Тем не менее постепенно я смогла приучить желудок к пище, и через короткое время снова смогла ходить. Лодыжка зажила, ребра больше не кололи грудь, как осколки стекла, когда я приподнималась, чтобы встать с кровати. В общем и целом процесс выздоровления пошел в правильном направлении.
Меня снова проведала Асия, как я ее и просила. Она недоверчиво и строго опять осмотрела меня с ног до головы: порозовевшее лицо, повеселевшие глаза, пополневшие руки и ноги. Увидев такую Нику, она сразу смягчилась.
День за днем мое тело становилось крепче и полнокровнее, кости на плечах больше не выпирали из-под кожи. С руки сняли повязку, и я начала потихоньку ее разрабатывать.
Я быстро восстанавливалась, а Ригель неподвижно лежал под аппаратом, привязанный к жизни хрупким сердцебиением.
«Очнись!» — пульсировало в моей груди, когда я вернулась к жизни.
Ригель по-прежнему тяжело дышал, и, казалось, ничто не может стабилизировать его шаткое состояние.
— Очнись, — бормотала я себе под нос, пока медсестры меняли ему повязки.
Лицо у Ригеля похудело и осунулось, вены на запястьях стали заметнее, тени под глазами — больше. Я держала его руку в своей и чувствовала, как истончилась его нежная кожа. Я смотрела на него, а он увядал у меня на глазах.
Я рассказывала Ригелю старые легенды, сказочные истории о волках, возвращающихся домой. И если днем в борьбе за него меня поддерживали солнечный свет и надежда, то по ночам желание увидеть, как он открывает глаза, становилось мучительным и истощало мою душу. «Очнись! — молила я его в темноте ночи. — Очнись, Ригель, пожалуйста, не оставляй меня, ведь я не смогу жить без твоих глаз. Мое сердце бабочки меня не согреет, оно умеет только обижаться и трепетать. Очнись и возьми меня за руку, пожалуйста, посмотри на меня и скажи, что мы всегда будем вместе. Посмотри на меня и скажи, что ты всегда будешь со мной, потому что волк умирает в других сказках, но не в этой. В этой он живет себе припеваючи и ходит рука об руку с девочкой. Пожалуйста, очнись!»
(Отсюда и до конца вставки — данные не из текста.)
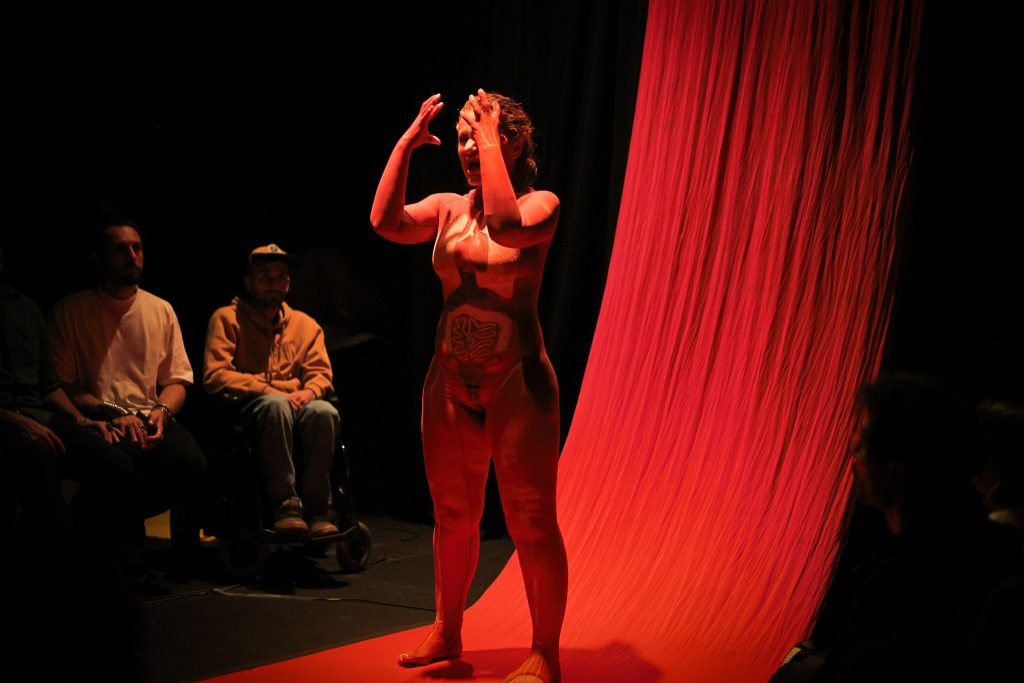 Ensaio aberto de PELE, com Daniela Carmona, na sede Roosevelt da SP Escola de Teatro. (10/04/2025) | Foto: Clara Silva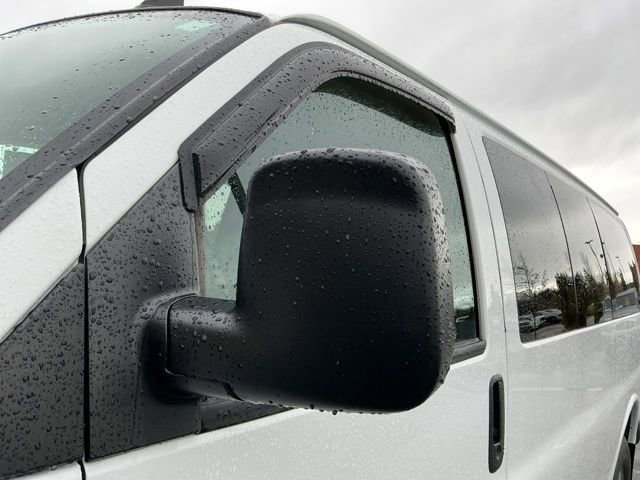 Used 2017 GMC Savana 3500 RWD image 10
Ригель оставался неподвижен, а я тихо плакала в подушку, чтобы он меня не услышал. — Очнись, — шептала я ему.
Но Ригель… не слушался.
Через несколько дней меня выписали. В довольных глазах доктора Робертсона читались облегчение и профессиональная гордость, оттого что его некогда тяжелая пациентка в добром здравии уходила из больницы на своих двоих. Он не мог знать, что мое сердце истекало кровью точно так же, как в первый день, он не подозревал, что в этой палате я оставляла часть себя. Я снова ходила в школу. В первый день, как и в последующие, я чувствовала на себе любопытные взгляды девчонок и ребят, они шептались о нас с Ригелем, обсуждая несчастный случай.